WASHINGTON, D.C.: Donald Trump’s secretary of state pick Rex Tillerson hit out at China Wednesday (Thursday in Manila) during his Senate confirmation hearing, warning the US would send a “clear signal” that the Asian giant must abandon its artificial islands in the South China Sea.
“We’re going to have to send China a clear signal that, first the island-building stops, and second, your access to those islands is also not going to be allowed,” Tillerson told a US Senate committee.
Beijing has fuelled regional tensions by turning tiny, ecologically fragile reefs and islets in the strategically vital South China Sea into artificial islands hosting military facilities.
The former ExxonMobil chief said China’s building in the disputed waters and its declaration of an air defense identification zone over the Japanese-controlled Senkaku islands in the East China Sea were “illegal actions.”
“They are taking territory or control or declaring control of territories that are not rightfully China’s.”
Beijing asserts a claim to almost the whole of the South China Sea, which the Philippines calls the West Philippine Sea, based on a “nine-dash line” dating to 1940s-era maps.

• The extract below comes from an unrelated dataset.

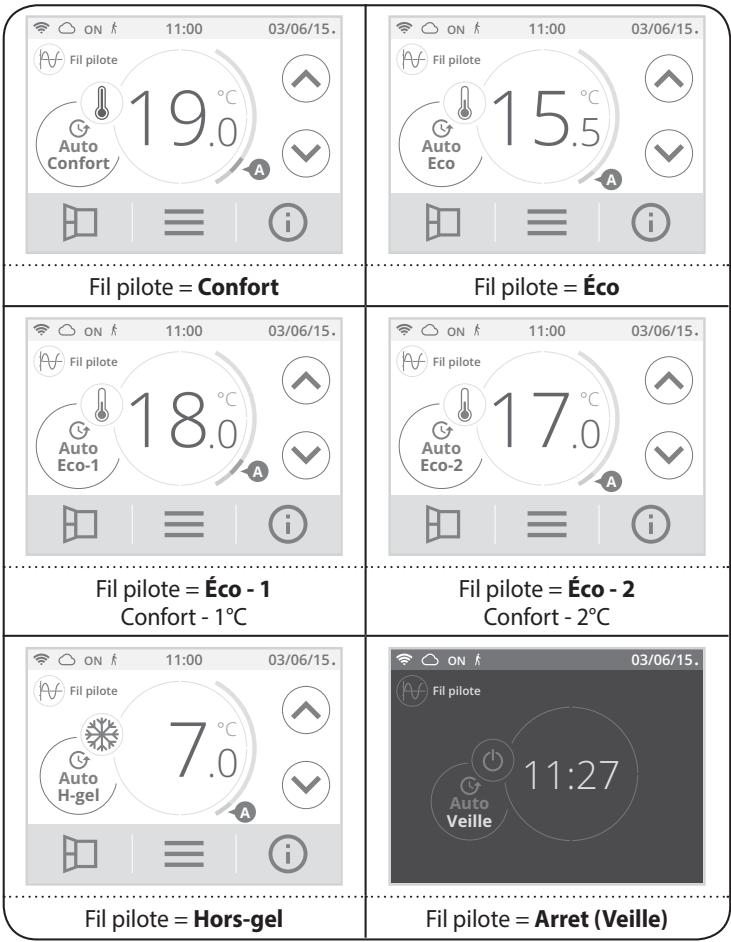 SUPRA FR9005060B GALBEO WI CONTROL - - Présentation - 1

An international tribunal – whose jurisdiction Beijing rejected – ruled last year on a suit lodged by the Philippines that there was no legal basis to such claims.
Apart from the Philippines, other countries that have overlapping claims in the South China Sea are Brunei, Vietnam and Malaysia.
‘Wait and see’
Malacañang on Thursday said it would adopt in the meantime a “wait-and-see” approach on Trump’s policy on the South China Sea dispute.
“The remarks of Mr. Rex Tillerson during his confirmation hearing before the United States Senate Foreign Relations Committee reflect his personal beliefs and should be respected,” Presidential Communications Secretary Martin Andanar said in a statement.
“The reasonable response is to wait and see what the new administration’s policy pronouncements will be,” he added.
The Palace official reiterated that the Duterte government was committed to pursue a peaceful resolution to the dispute with China.
“What is important is for both sides to remain committed to peace and stability in this part of the world and to refrain from any and all acts that would jeopardize freedom of navigation and overflights along this vital sea lane,” Andanar said.
On Wednesday, Foreign Secretary Perfecto Yasay Jr. said the Philippines, as chairman of the Association of Southeast Asian Nations this year, would intensify efforts to fast-track discussions on the Declaration on the Conduct of Parties in the South China Sea and eventually complete the long-delayed framework for a Code of Conduct in the contested waters.